Peut-on encore être « chez soi » ?
« S’il fallait définir [un] but fondamental, ce serait de créer un espace numérique qu’on puisse appeler chez-soi. C’est-à-dire un lieu où l’on se sent en sécurité, seul ou avec ses proches, à l’abri du regard des autres, libre de pouvoir se relâcher en toute tranquillité : un lieu où être soi-même. » Ces jolis mots sont tirés d’une recension du livre de Soshana Zuboff dans La Revue durable.
Les espaces intimes sont devenus extrêmement durs à trouver. Nous devons tous les jours arbitrer les informations que nous acceptons ou non de partager.
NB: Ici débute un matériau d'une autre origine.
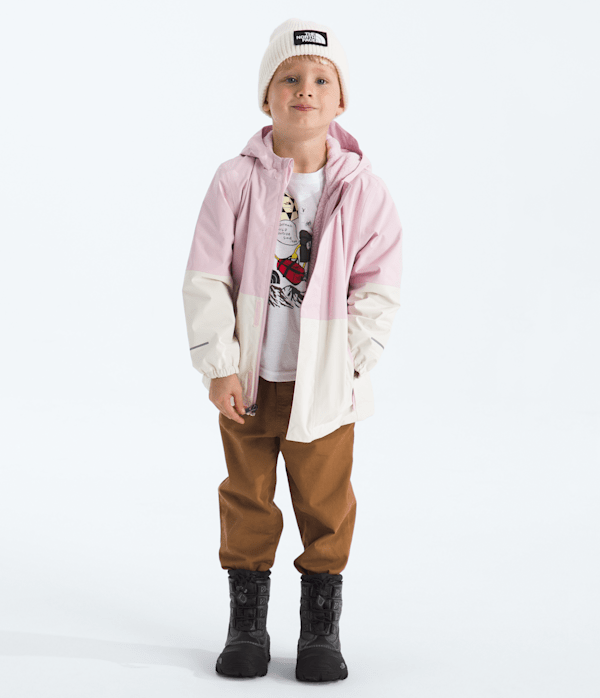Kids Warm Antora Rain Jacket TNF Pale BlossomWhite Dune HERO3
Un choix tout sauf éclairé, alors même que nous sommes contraints d’adopter des outils digitaux de plus en plus intrusifs (banque, école, santé...). Et tant pis pour les petites lignes auxquelles nous souscrivons sans les comprendre : refuser risquerait de nous exclure de la vie économique et sociale. Véronica Barassi parle de « résignation numérique » et de « conformisme forcé ». Qui peut vraiment choisir entre attendre 4 à 5 semaines avant de voir un docteur, ou trouver un rendez-vous le jour-même en ligne — au prix de quelques données ?
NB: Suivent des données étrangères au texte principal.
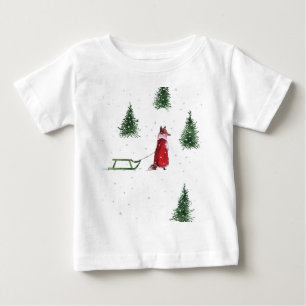 T-shirt Pour Bébé Illustration Noël hiver neige renard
Elle décrit cette « dataification » comme un arbitrage quotidien, une négociation morceau par morceau. Elle recommande une sélection attentive des données que l’on partage. Carissa Véliz, Professeur à l’Université d’Oxford et autrice de « Privacy is Power » y ajoute la technique de l’obfuscation qui consiste à donner volontairement de fausses informations « quand leur collecte n’est pas justifiée ou leur protection insuffisante ». Mais par-dessus tout, il faut garder en tête qu’il n’y a pas de chez soi sans chez nous. À chaque fois que nous cédons un peu d’information sur nous, nous exposons aussi les autres. Nos données de localisation « disent quelque chose sur nos voisins, nos collègues de travail ». Notre profil mental ou physiologique enrichi celui des gens qui ont les mêmes caractéristiques. « Si le premier pas est de protéger notre propre vie privée, le second est bien de faire attention à celle des autres ».
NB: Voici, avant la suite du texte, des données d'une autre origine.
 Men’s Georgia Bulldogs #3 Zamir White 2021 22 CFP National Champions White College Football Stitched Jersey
Dans ce rapport de force, le Démon de Laplace est faillible, et ses pendants (algorithmes, intelligence artificielle...) le sont tout autant. Leurs échecs sont autant de rappels salvateurs, de brèches dans lesquelles il faut s’engouffrer. Véronica Barassi a lancé le « Human Error Project » qui braque les projecteurs sur ces algorithmes aux résultats ouvertement racistes, discriminatoires ou tout simplement absurdes : un vendeur de graines d’oignon a vu sa publicité censurée par Facebook car considérée comme « contenu à caractère sexuel ».
Récemment, Kaitlyn Tiffany, journaliste à The Atlantic, a décrit comment elle ne se reconnaissait plus dans les contenus vidéos qu’agrégeait pour elle l’application TikTok. « Ce n’est pas tant que l’algorithme se trompe » lui a répondu le chercheur Julian McAuley de l’Université de San Diego, « mais plutôt vous qui avez le sentiment que vos actions passées [sur lesquelles sont basées les recommandations] ne sont pas représentatives de ce que vous êtes aujourd’hui. » Comme Pascal écrivait que « l’Homme passe infiniment l’homme », l’Homme passe aussi infiniment l’algorithme. Et par la sur-simplification qu’il défend, le dataïsme est un inhumanisme.